Porque él, Tlaloc, era el agua. Toda, sin excepciones, sin distinguir formas ni cantidades: la de las lagunas con manatíes danzando suavemente entre peces luminosos, la de los cenotes sagrados y profundos de piso de huesos inocentes ofrendados cumpliendo un contrato cruel, la de los torrentes que se precipitan desde las cimas de las montañas, la de los arroyos que serpentean sumergidos en selvas intrincadas. La que se utiliza para beber y la que se dedica al riego. La que alimenta y la que ahoga.
Se había dejado invadir por la pereza, por la satisfacción que lograba al observar que el agua se acumulaba más y más y que a ratos se veía obligado a subir la altura de los márgenes para que no desbordara. Y se hundía nadando cada vez más profundo, llegando más lejos. Y descansaba en la superficie luego de cada zambullida. Gozaba con los rayos del sol recorriendo su piel. Disfrutaba su barba mojada. Y el fondo cedió imprevistamente. Fueron mares precipitándose sin aviso, sin alarma. Y el bosque fue agua, y la vida sepultada bajo el líquido. Una palabra nueva brotó en la desgracia: diluvio.
Y sintió emociones desconocidas para los dioses. Y quiso ser agua. Y quiso olvidar. No pudo. Ahora tenía deudas en moneda de sacrificios inútiles, innecesarios porque había fallado.

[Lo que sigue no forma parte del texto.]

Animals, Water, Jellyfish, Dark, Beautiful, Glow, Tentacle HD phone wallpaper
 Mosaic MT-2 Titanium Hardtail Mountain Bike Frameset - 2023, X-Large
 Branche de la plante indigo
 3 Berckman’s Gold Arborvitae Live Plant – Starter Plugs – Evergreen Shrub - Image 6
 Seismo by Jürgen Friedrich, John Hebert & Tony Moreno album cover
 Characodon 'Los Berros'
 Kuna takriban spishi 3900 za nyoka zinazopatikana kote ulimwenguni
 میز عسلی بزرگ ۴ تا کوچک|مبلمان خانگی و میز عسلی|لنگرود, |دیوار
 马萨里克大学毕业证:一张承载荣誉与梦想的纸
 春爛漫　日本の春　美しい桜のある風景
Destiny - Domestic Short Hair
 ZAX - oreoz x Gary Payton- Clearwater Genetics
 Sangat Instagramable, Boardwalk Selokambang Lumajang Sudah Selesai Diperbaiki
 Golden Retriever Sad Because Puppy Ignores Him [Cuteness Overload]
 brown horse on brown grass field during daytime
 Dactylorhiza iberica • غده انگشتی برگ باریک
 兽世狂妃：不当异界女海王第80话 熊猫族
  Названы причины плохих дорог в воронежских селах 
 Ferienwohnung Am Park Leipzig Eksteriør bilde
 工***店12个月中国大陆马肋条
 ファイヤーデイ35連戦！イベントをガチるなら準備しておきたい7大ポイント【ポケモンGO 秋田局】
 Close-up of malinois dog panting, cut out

Entonces los demás dioses lo apartaron, había puesto en peligro la relación de ellos con la naturaleza, la credibilidad de sus compromisos. Su obligación era restaurar los daños, recrear el equilibro. En su soledad encontró la solución: nombrar cuatro ayudantes, llamados Tlaloques, y ubicarlos en los cuatro puntos cardinales; entregarles cuencos diferentes para cada tipo de lluvia; para devolver el agua a la tierra deberían romper el recipiente.
Pero una sensación extraña recorría su mente, no estaba conforme; faltaba algo que no alcanzaba a descubrir. Había llegado a un punto muerto, no encontraba cómo superarlo. Y entonces un sonido grave y profundo lo sacudió y lo puso en guardia. Era solo una de las ramas más altas que se había partido y caído, golpeando con estruendo al llegar al suelo.
Y se iluminó su rostro intranquilo. Necesitaba avisar con anterioridad a los habitantes de la zona elegida que se avecinaban tormentas, darles tiempo a todos a guarecerse. Pensó en luces que surcarían las nubes rasgando negruras y llamando la atención y en ruidos opacos y graves que retumbarían despertando a los dormidos, asustando a los distraídos. Y los bautizó: rayos y truenos. Y se provocarían al golpear la vasija para desencadenar la precipitación, serían los compañeros insobornables de lluvias, lloviznas, tempestades, borrascas y aguaceros.
Una sonrisa de satisfacción se adueñó de su rostro.